A repressão militar é constante, justificada por ministros e setores das forças armadas com o argumento de que o movimento social está infiltrado pelo terrorismo. Não observar a dimensão do conflito social é um grave erro e resulta num maniqueísmo tosco. Por isso não vinga mais o discurso do ex-presidente Uribe, ou de qualquer um que encampe a ideia de que na Colômbia não há conflito social, e não é aceitável deturpar essa realidade com o palavreado de que se trata de um Estado valente que combate terroristas ou pessoas auxiliares do terrorismo. Tais manifestações escondem as cruas realidades e causas do surgimento da violência e do desenvolvimento do conflito, a natureza real dos seus atores e o drama dos colombianos.

Por isso, nem Santos nem Zuluoga – nem lobos nem zorros. A necessidade de uma reformulação do regime político, da estratégia econômica, torna-se fundamental. Os diálogos de paz de Havana constituem um tema transversal em qualquer debate sobre o público e o privado, sobre a chamada governabilidade ou sobre as reformas e caminhos de crescimento econômico ou desenvolvimento com redistribuição de riqueza. Reduzir as forças armadas e reorientar o gasto público da guerra à satisfação das necessidades públicas são determinantes para iniciar um processo de democratização não só do Estado, mas da vida social.

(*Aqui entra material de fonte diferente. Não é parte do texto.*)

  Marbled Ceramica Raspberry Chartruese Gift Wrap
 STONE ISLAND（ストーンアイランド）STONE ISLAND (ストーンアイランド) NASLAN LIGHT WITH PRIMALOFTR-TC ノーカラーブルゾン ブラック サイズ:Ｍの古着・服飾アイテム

Por isso, um projeto democrático, progressista, é possível e necessário porque conta com argumentos sólidos, não somente para denunciar as raízes históricas das desigualdades sociais que geram o conflito, senão para ser alternativa real de mudanças. Daí que, a despeito de setores esperançados em que a luta reivindicativa é suficiente, não seja possível renunciar ao debate eleitoral como forma de ação política organizada e necessária para gerar as condições para essas transformações.

As candidaturas de Clara López Obregón e Aida Abella, do Polo Democrático e da União Patriótica, como fórmula à presidência e vice-presidência da Colômbia, representam essa possibilidade. Que, sem dúvida, ainda deve amadurecer muito, em especial, aproximando-se mais ainda das diversas formas de ação popular, contribuindo a uma rearticulação de forças e à unidade contra o modelo de acumulação e concentração da renda no país.

Nas eleições colombianas, está em jogo um processo não apenas dos colombianos, mas do conjunto dos latino-americanos. O avanço de uma proposta democrática, alinhavada à ideia de uma sociedade justa, livre, de paz e para a paz, é um contributo para aprofundar a prevalência dos direitos humanos no continente.

*Pietro Alarcón é membro da comissão internacional do Partido Comunista Colombiano, professor-doutor da PUC/SP e membro da Cátedra Sérgio Vieira de Mello do Alto Comissariado das Nações Unidas para os Refugiados (Acnur).